Il convient de mentionner ici que l’Europe, pour Ratzinger, « a toujours occupé une place privilégiée dans son cœur et dans ses spéculations théologiques et philosophiques ».
Les valeurs de la foi doivent prévaloir sur toute autre stratégie visant à étendre la présence de l’Église parmi les hommes. Ratzinger a précisé que les droits fondamentaux authentiques font partie de la nature humaine et sont donc inéluctables. Ils sont d’ailleurs antérieurs à leur codification par les États. L’État doit en prendre acte et les codifier ; en bref, il doit les reconnaître mais ne peut pas les « créer ». Le mariage homosexuel viole donc un principe inhérent à la vérité de la nature humaine.
Un mérite de ce pape est aussi d’avoir dénoncé la mondialisation sans règles, qui nie les identités nationales, religieuses et culturelles. Mais en son temps, le jeune Ratzinger a aussi favorisé l’ouverture historique [epocale] faite par l’Eglise à travers le Concile Vatican II qui, en tentant de rationaliser l’Eglise et sa doctrine, a au contraire ouvert les vannes d’un ajustement continu du Ciel à la Terre. Mais le pape a ensuite vu les effets de cette modernisation tous azimuts, qui a bouleversé la Tradition, et il en a probablement souffert.
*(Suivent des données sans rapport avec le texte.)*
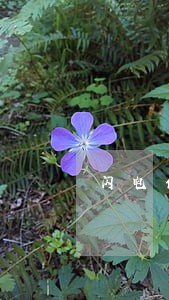 闪电借款逾期不催收怎么回事 闪电借款逾期不催收怎么回事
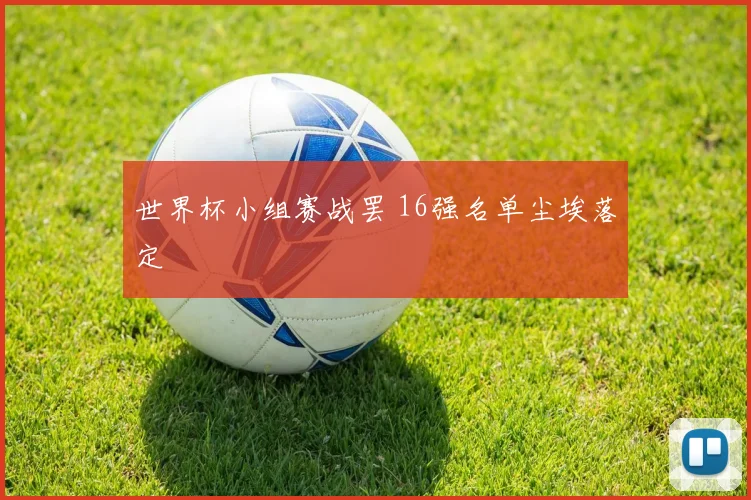 世界杯小组赛战罢 16强名单尘埃落定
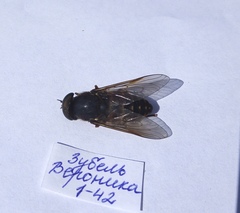 Tabanus bovinus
On pourrait poursuivre l’examen du livre de Pedrizzi, mais il est trop riche en idées, en citations et en réflexions pour que je puisse en faire ici un résumé complet.
Je terminerai plutôt par les réflexions d’un athée : Giuseppe Prezzolini, un grand intellectuel de droite, ouvert au monde et à ses idées.
Giuseppe Prezzolini a écrit :
« L’Église, à mon avis, a une fonction unique dans le monde : celle de consoler les hommes de leur malheur et de les réconforter par sa faculté de pardon. Si l’Église s’implique dans la politique, « elle s’immerge dans les luttes de la concupiscence politique » et « sera toujours dépassée par les partis politiques qui n’hésiteront pas à promettre davantage ». Et encore : « Je crains que le Conseil œcuménique n’ait créé l’illusion de pouvoir tirer de l’Évangile un projet social qui n’y figure pas, et qu’au lieu de correspondre au malheur des hommes, il se contente d’exciter et de caresser les désirs matériels ».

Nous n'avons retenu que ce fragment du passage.